Allocution
Inauguration Place Vera Leigh
22 octobre 2021
de Jacques MYARD
Membre Honoraire du Parlement
Maire de Maisons-Laffitte
Président du Cercle Nation et République
Prétextant des attaques polonaises imaginaires, la Wehrmacht agresse la Pologne, défait son armée.Les soldats allemands défilent sur les Champs Elysées.Une nuit noire tombe sur les Nations vaincues d’Europe.
Une nuit sans espoir où chaque bruit, chaque chien qui aboie annonce l’arrivée d’une traction Citroën dont les funestes occupants revêtus de manteaux de cuir noir font irruption, se saisissent avec brutalité des hommes, des femmes et même des enfants, tous emportés dans la nuit vers des destinations inconnues.

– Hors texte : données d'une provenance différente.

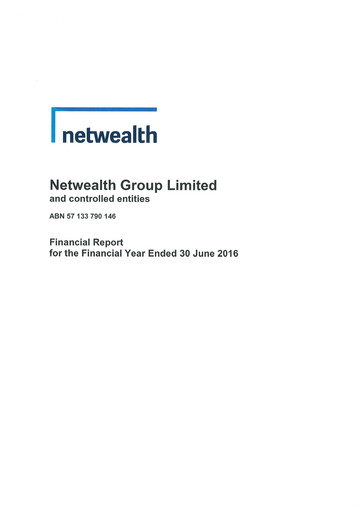 Thumbnail Netwealth Financial Report fy2016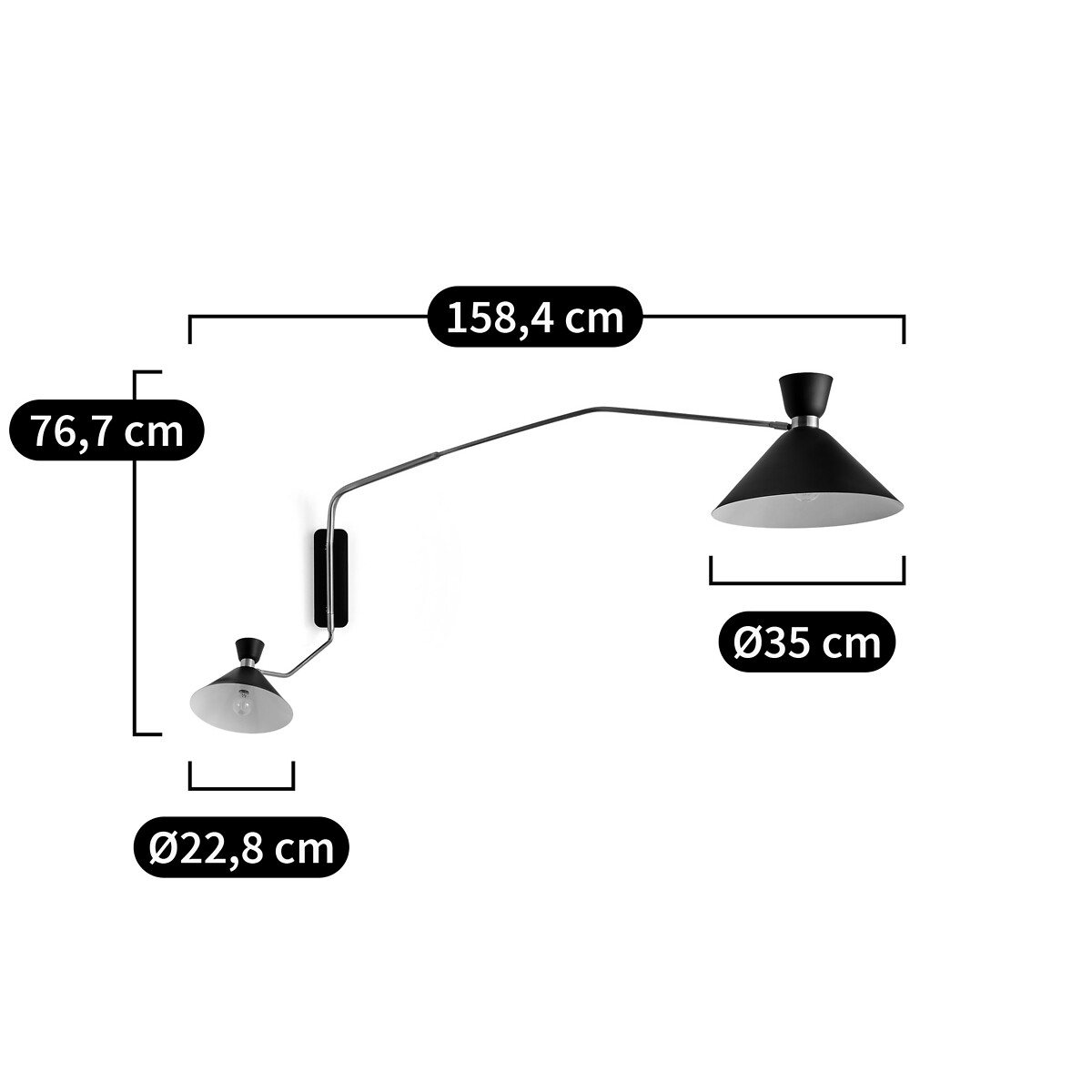 XL-Wandleuchte Zoticus, zweiflammig, Messing in Antik-Optik von AM.PM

Destinations inconnues, inconnues mais certaines, ces hommes, ces femmes connaissent alors les séances de torture, les sinistres baignoires, avant la mort, fusillés dans une clairière.
La France est à genoux, la Pologne martyrisée entre Hitler et Staline tout comme la Tchécoslovaquie.

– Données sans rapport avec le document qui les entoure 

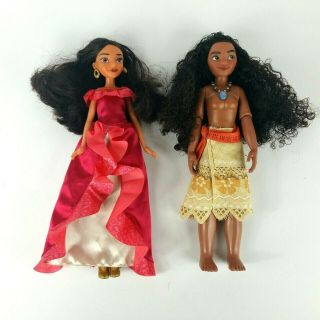 Disney Store Classic Moana & Elena Of Avalor Barbie Style Doll 11 "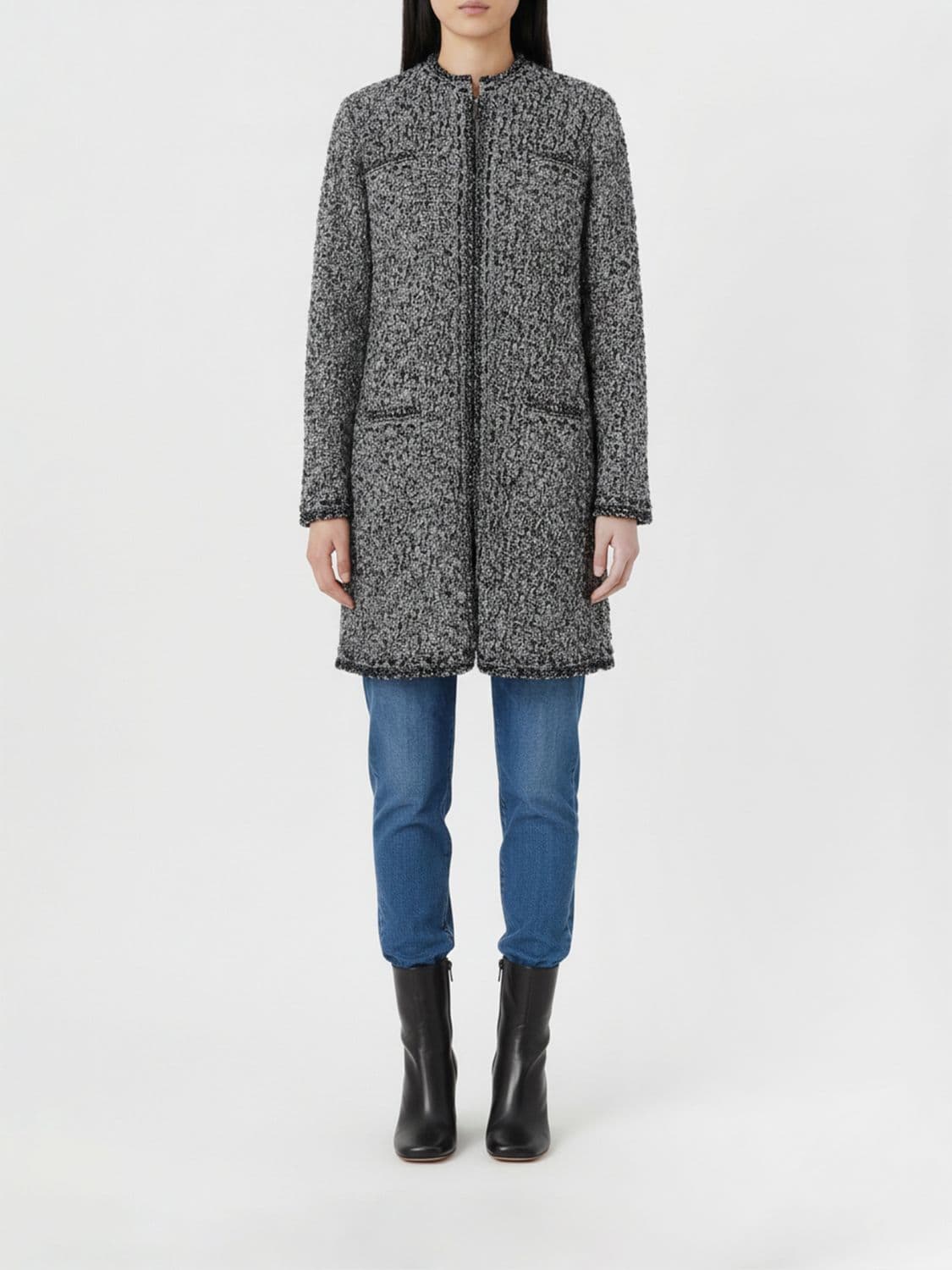 Fabiana Filippi Coat Woman color Grey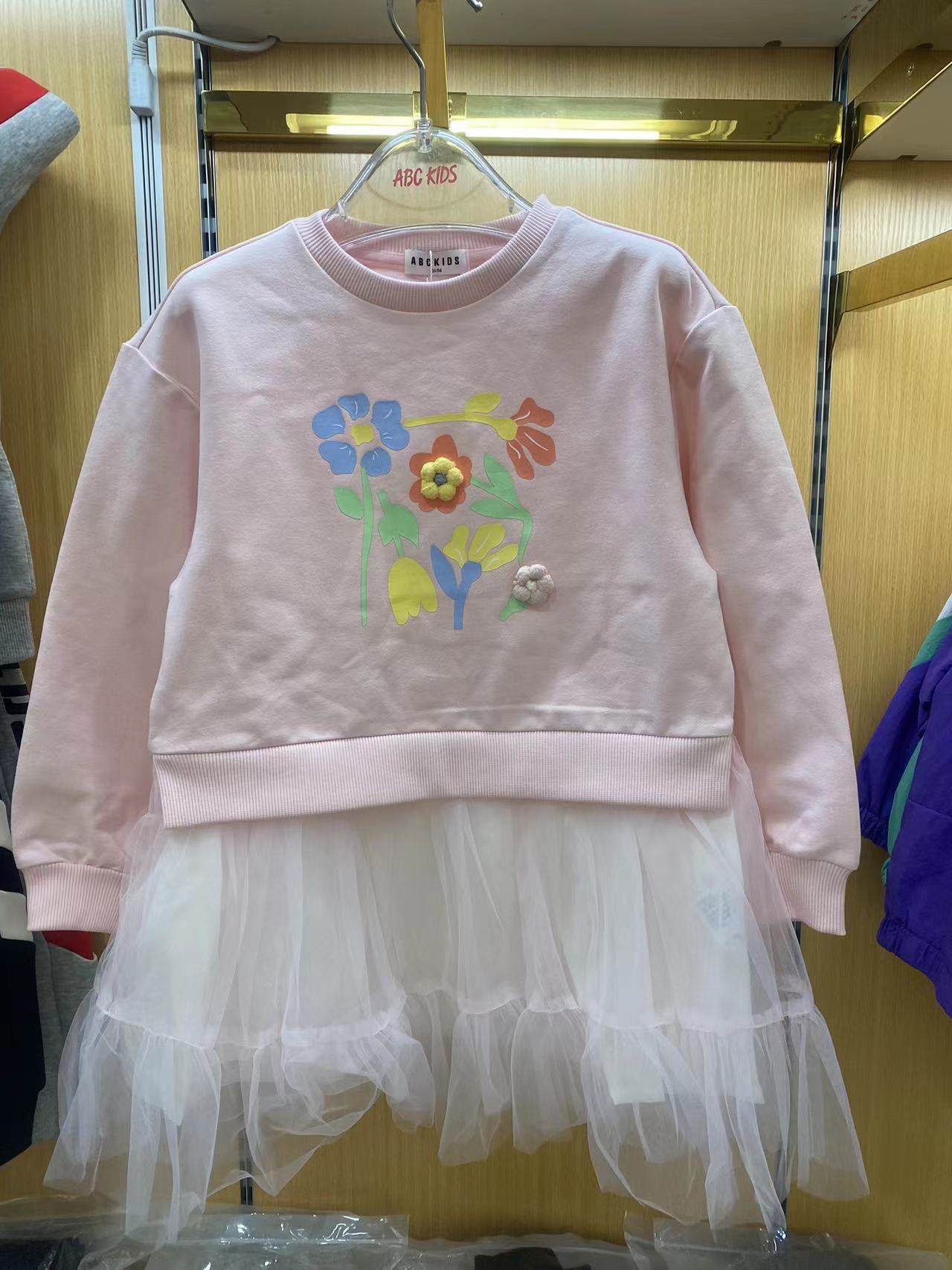 ABCkids童装2023新款春季连衣裙宝宝网纱裙子纱裙甜美 F311316264
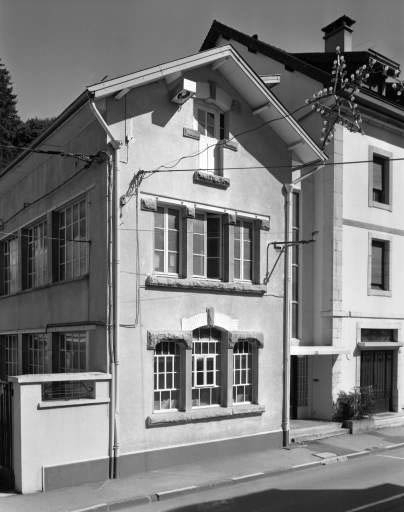 Rue de la République : façade antérieure de l'atelier Marius Morel. © Jérôme Mongreville / Région Bourgogne-Franche-Comté, Inventaire du patrimoine - 1991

La vie se fait au jour le jour, sans projet du lendemain.
Mais quelques hommes, une poignée d’abord relèvent la tête au péril de leur vie.
Un homme coupe les fils du téléphone d’une base de la Luftwaffe ; il est fusillé. D’autres patriotes abattent des soldats allemands, provoquant de terribles représailles sur des otages pris au hasard.

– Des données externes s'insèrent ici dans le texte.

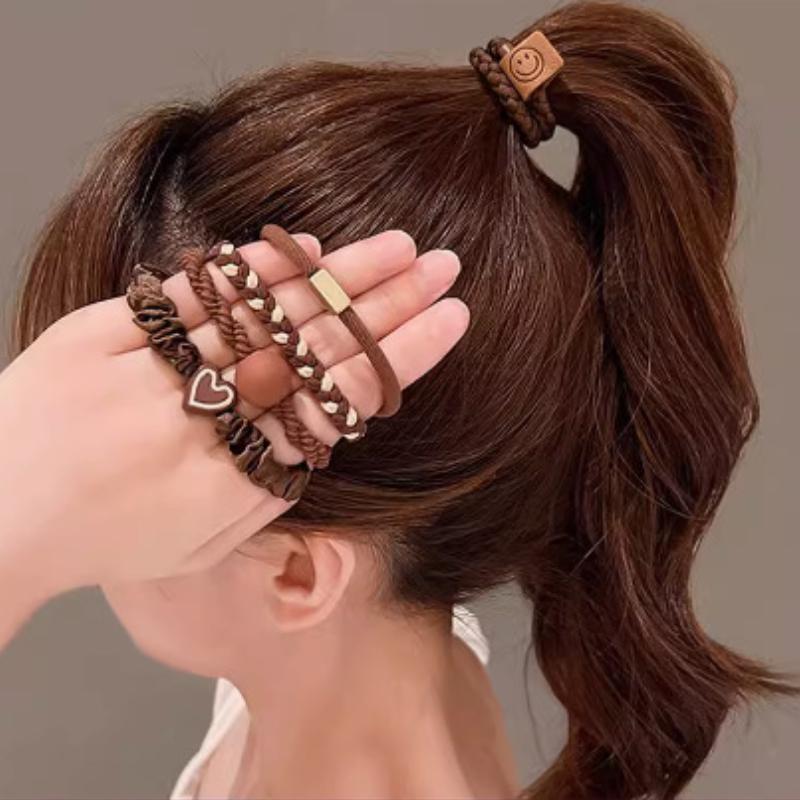 5/10 STÜCKE/Set Neue Hochelastische Strapazierfähige Haargummis Gummiband Damen Einfach Hoher Pferdeschwanz Haarband Kopfband Haarschmuck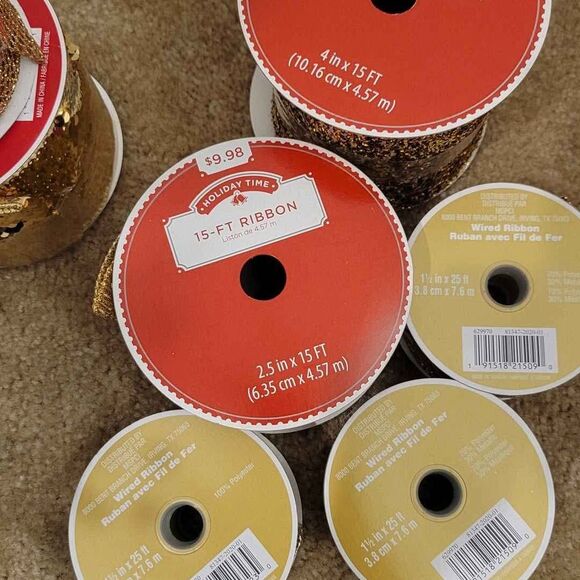 assorted gold ribbon - Picture 7 of 7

Seule l’Angleterre résiste, sous la conduite de l’inflexible Winston Churchill :
« We shall fight on the beaches, we shall fight on the landing grounds, we shall fight in the fields and in the streets, we shall fight in the hills, we shall never surrender ».
Nous nous battrons sur les plages, nous nous battrons sur les lieux de débarquement, nous nous battrons dans les champs et dans les rues, nous nous battrons dans les collines, nous ne nous rendrons jamais ».
W. Churchill aux Communes, le 4 juin 1940.
Le 11 juillet 1940, à Londres, réunion de Churchill, Halifax, Chamberlain et Attlee.
Neville Chamberlain reçoit la mission de créer un nouveau service d’action.
Le 16 juillet Winston Churchill reçoit Hugh Dalton et le nomme à la tête d’un nouveau service, le Special Operations Executive, le SOE. Sa mission, mettre le feu à l’Europe occupée ; « And now set Europe ablaze » résume Churchill.
La mission du SOE est la subversion, la destruction, le sabotage, l’assassinat dont le plus célèbre est l’opération Antropoid qui a éliminé le SS Reinhard Heydrich à Prague le 27 mai 1942.
Le recrutement des agents du SOE fait l’objet d’une sélection rigoureuse, ils sont plus de 13000.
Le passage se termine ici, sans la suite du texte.